Care pathways during a child’s final illness in rural South Africa: Findings from a social autopsy study
Care pathways during a child’s final illness in rural South Africa: Findings from a social autopsy study
Background: Half of under-5 deaths in South Africa occur at home, however the reasons remain poorly described and data on the care pathways during fatal childhood illness is limited. This study aimed to better describe care-seeking behavior in fatal childhood illness and to assess barriers to healthcare and modifiable factors that contribute to under-5 deaths in rural South Africa.
Methods: We conducted a social autopsy study on all under-5 deaths in two rural South African health and demographic surveillance system sites. Descriptive analyses based on the Pathways to Survival Framework were used to characterise how caregivers move through the stages of seeking and providing care for children during their final illness and to identify modifiable factors that contributed to death.

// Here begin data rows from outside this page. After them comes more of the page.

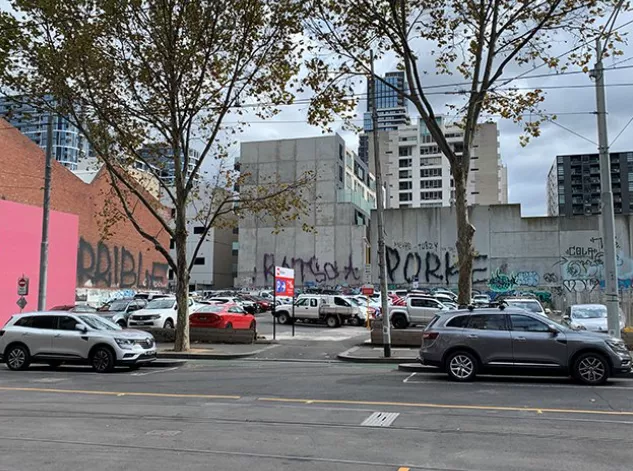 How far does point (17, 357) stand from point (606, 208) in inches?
641

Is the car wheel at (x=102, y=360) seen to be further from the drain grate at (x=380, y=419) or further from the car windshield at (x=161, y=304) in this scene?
the car windshield at (x=161, y=304)

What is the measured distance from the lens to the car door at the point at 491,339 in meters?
12.8

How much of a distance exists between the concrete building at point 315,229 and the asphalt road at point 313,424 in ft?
198

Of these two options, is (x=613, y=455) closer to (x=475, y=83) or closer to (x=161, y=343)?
(x=475, y=83)

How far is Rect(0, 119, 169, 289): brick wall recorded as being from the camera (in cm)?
3550

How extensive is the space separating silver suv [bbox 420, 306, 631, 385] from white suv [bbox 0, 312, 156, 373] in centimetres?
Answer: 766

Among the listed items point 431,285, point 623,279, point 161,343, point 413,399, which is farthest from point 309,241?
point 413,399

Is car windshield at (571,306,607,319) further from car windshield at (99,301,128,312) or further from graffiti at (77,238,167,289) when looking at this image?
graffiti at (77,238,167,289)

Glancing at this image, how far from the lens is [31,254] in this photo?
30.6m

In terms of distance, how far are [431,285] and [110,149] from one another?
1675 inches

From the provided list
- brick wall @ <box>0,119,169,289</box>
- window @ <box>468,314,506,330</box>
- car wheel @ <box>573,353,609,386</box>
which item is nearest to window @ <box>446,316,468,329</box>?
window @ <box>468,314,506,330</box>

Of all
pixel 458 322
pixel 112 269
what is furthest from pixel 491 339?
pixel 112 269

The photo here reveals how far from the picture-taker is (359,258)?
239 ft

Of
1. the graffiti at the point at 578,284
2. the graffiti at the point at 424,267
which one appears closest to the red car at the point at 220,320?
the graffiti at the point at 424,267
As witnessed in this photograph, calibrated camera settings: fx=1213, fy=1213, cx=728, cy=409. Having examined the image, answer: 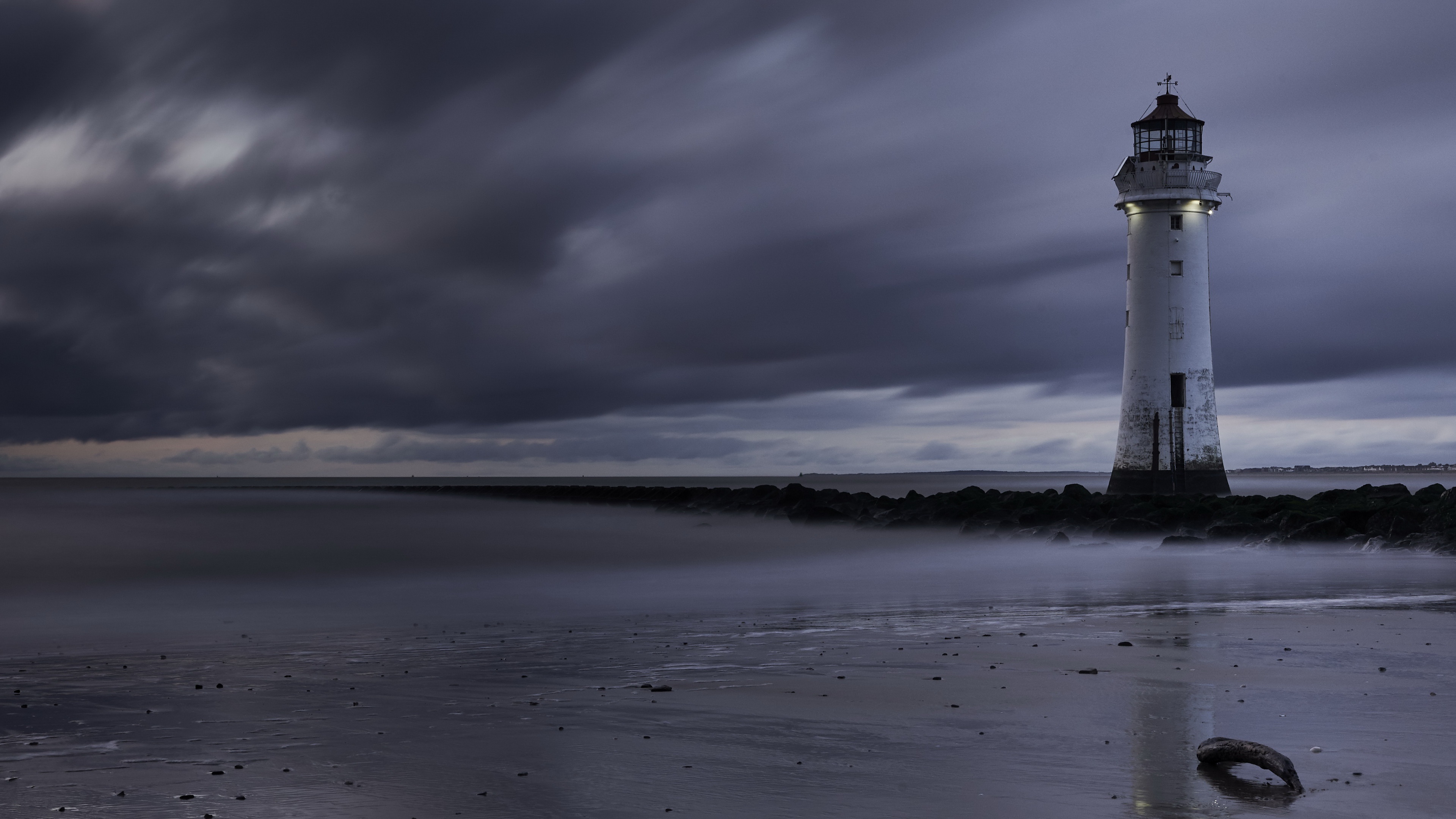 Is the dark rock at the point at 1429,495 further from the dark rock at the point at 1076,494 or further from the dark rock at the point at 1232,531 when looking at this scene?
the dark rock at the point at 1076,494

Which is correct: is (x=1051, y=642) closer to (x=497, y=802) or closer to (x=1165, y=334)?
(x=497, y=802)

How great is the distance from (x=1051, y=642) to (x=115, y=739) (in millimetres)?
7103

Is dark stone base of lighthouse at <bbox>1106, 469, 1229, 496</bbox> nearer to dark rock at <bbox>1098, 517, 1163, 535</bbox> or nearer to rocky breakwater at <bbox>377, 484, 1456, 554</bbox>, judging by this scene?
rocky breakwater at <bbox>377, 484, 1456, 554</bbox>

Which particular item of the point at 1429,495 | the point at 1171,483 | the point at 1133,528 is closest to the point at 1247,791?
the point at 1133,528

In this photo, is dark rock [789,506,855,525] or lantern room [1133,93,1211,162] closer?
lantern room [1133,93,1211,162]

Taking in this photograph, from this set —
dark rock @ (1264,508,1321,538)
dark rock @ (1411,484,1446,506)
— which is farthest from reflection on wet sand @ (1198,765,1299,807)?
dark rock @ (1411,484,1446,506)

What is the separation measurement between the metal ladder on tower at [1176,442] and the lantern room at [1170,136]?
6610mm

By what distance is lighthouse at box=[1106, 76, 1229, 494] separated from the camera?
1203 inches

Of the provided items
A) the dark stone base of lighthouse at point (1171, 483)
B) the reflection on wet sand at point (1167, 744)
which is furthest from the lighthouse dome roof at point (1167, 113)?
the reflection on wet sand at point (1167, 744)

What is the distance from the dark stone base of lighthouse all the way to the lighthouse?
0.08 ft

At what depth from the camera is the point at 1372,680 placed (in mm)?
7895

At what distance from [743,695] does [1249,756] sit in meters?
3.31

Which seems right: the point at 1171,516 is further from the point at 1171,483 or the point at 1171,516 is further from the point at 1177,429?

Findings: Of 53 deaths, 40% occurred outside health facilities. Rates of antenatal and perinatal preventative care-seeking were high: over 70% of mothers had tested for HIV, 93% received professional assistance during delivery and 79% of children were reportedly immunised appropriately for age. Of the 48 deaths tracked through the stages of the Pathways to Survival Framework, 10% died suddenly without any care, 23% received home care of whom 80% had signs of severe or possibly severe illness, and 85% sought or attempted to seek formal care outside the home. Although half of all children left the first facility alive, only 27% were referred for further care.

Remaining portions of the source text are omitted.